Use str_length() and str_sub() to extract the middle character from a string. What will you do if the string has an even number of characters?
x <- c("abc")
y <- c("abcd")
str_sub(x, ((str_length(x)+1) / 2), ((str_length(x)+1) / 2))
## [1] "b"
str_sub(y, ((str_length(y)+1) / 2), ((str_length(y)+1) / 2) + 1)
## [1] "bc"
What does str_wrap() do? When might you want to use it?

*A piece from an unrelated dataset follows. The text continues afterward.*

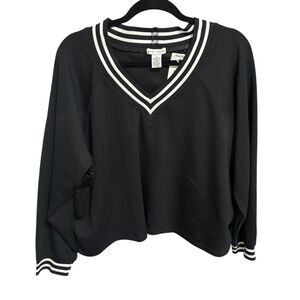 Better Together V-Neck Modal Pullover Sz XL Black w/White Trim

x <- "We the People of the United States, in Order to form a more perfect Union, establish Justice, insure domestic Tranquility, provide for the common defence, promote the general Welfare, and secure the Blessings of Liberty to ourselves and our Posterity, do ordain and establish this Constitution for the United States of America."

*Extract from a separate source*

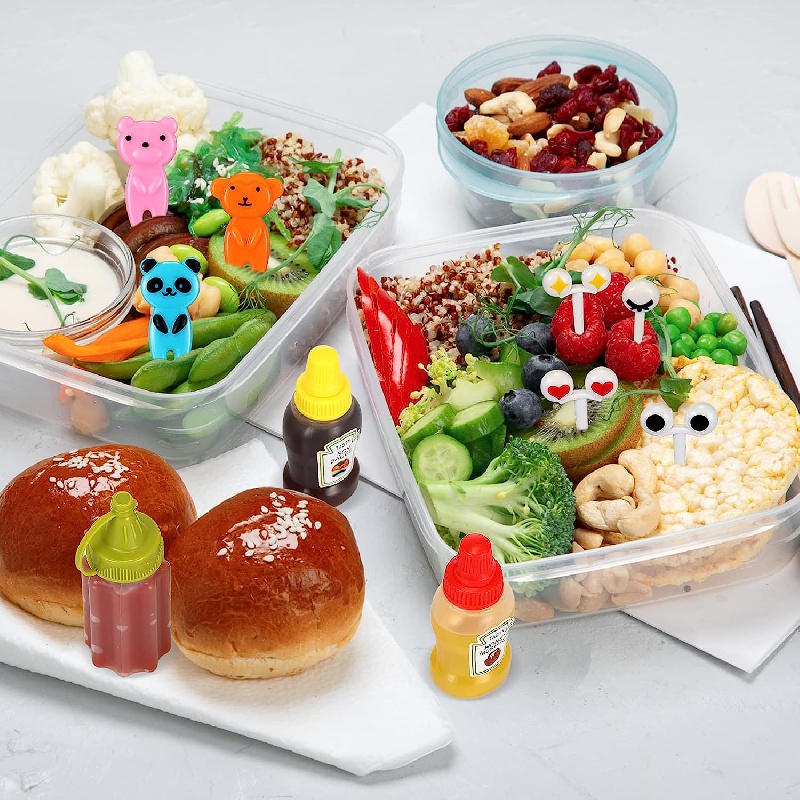 Condiment container bento box lunch accessories mini sauce box cartoon  animal panda suitable for children's lunch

str_wrap(x, width = 30, indent = 5, exdent = 0)
## [1] " We the People of the\nUnited States, in Order to\nform a more perfect Union,\nestablish Justice, insure\ndomestic Tranquility, provide\nfor the common defence,\npromote the general Welfare,\nand secure the Blessings\nof Liberty to ourselves and\nour Posterity, do ordain and\nestablish this Constitution\nfor the United States of\nAmerica."

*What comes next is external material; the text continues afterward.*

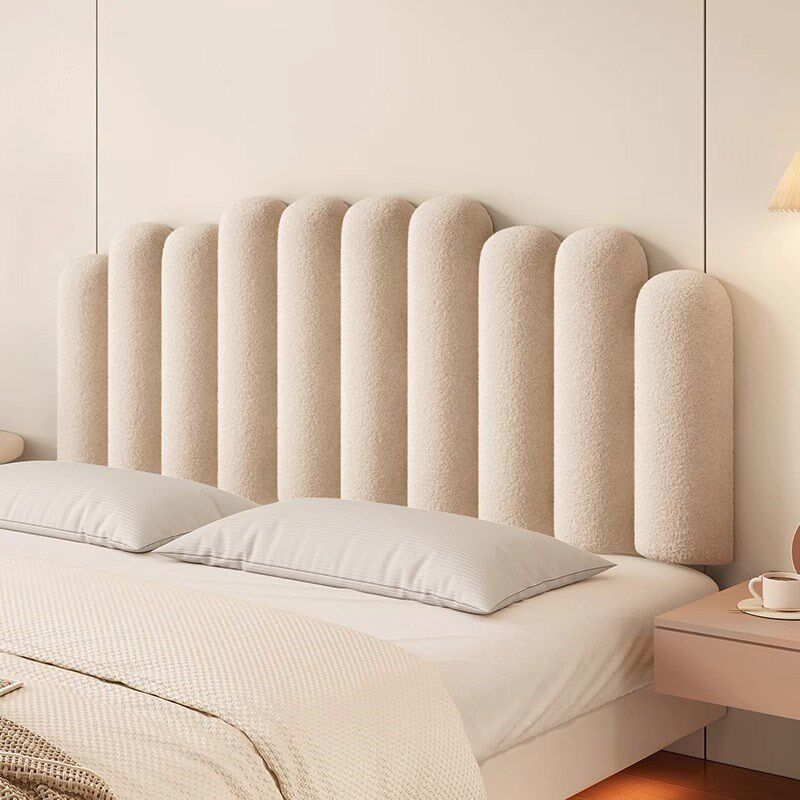 波浪钢琴键软包床头靠垫奶油风榻榻米靠枕床头护腰大靠背2024新款,居家布艺,床头靠垫,淘宝优惠券,粉丝福利购,淘宝优惠卷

I had to look up the arguments you have to use in str_wrap. It looks like it’s a way to format your text into a set width, with indentations and exdentations as desired. You might want to use it to ensure words aren’t getting split across lines, perhaps.
What does str_trim() do? What’s the opposite of str_trim()?
x <- " Too many cooks."
str_trim(x)
## [1] "Too many cooks."
str_trim gets rid of excess spaces on either end of the string. The opposite of str_trim is str_pad, which adds spaces.
Explain why each of these strings don’t match a : “",”\“,”\".
“" will just escape the next character in the string.”\" is in regex, which will escape the next character in the regex. “\" leaves you with just one open quote so you need an additional to fully get”".
How would you match the sequence "’?
x <- "a\"'\\b"
writeLines(x)
## a"'\b
str_view(x, "\\\"'\\\\")
What patterns will the regular expression ...... match? How would you represent it as a string?
It should match a string that is .[any character].[any character].[any character] The string would be the following:
x_string <- "\\..\\..\\.."
writeLines(x_string)
## \..\..\..
How would you match the literal string “\(^\)”?
x <- "match the string $^$ please"
str_view(x, "\\$\\^\\$")
Given the corpus of common words in stringr::words, create regular expressions that find all words…
str_view(stringr::words, "^y", match = TRUE)
str_view(stringr::words, "x$", match = TRUE)
str_view(stringr::words, "^...$", match = TRUE)
str_view(stringr::words, ".......", match = TRUE)
Create regular expressions to find all words that:
Start with a vowel.
str_view(stringr::words, "^[aeiou]", match = TRUE)
That only contain consonants. (Hint: thinking about matching “not”-vowels.)
str_view(stringr::words, "^[^aeiou]$", match = TRUE)
End with ed, but not with eed.
str_view(stringr::words, "[^e]ed$", match = TRUE)
End with ing or ise.
str_view(stringr::words, "(ing|ise)$", match = TRUE)
Empirically verify the rule “i before e except after c”.
str_view(stringr::words, "(cei|[^c]ie)", match=TRUE)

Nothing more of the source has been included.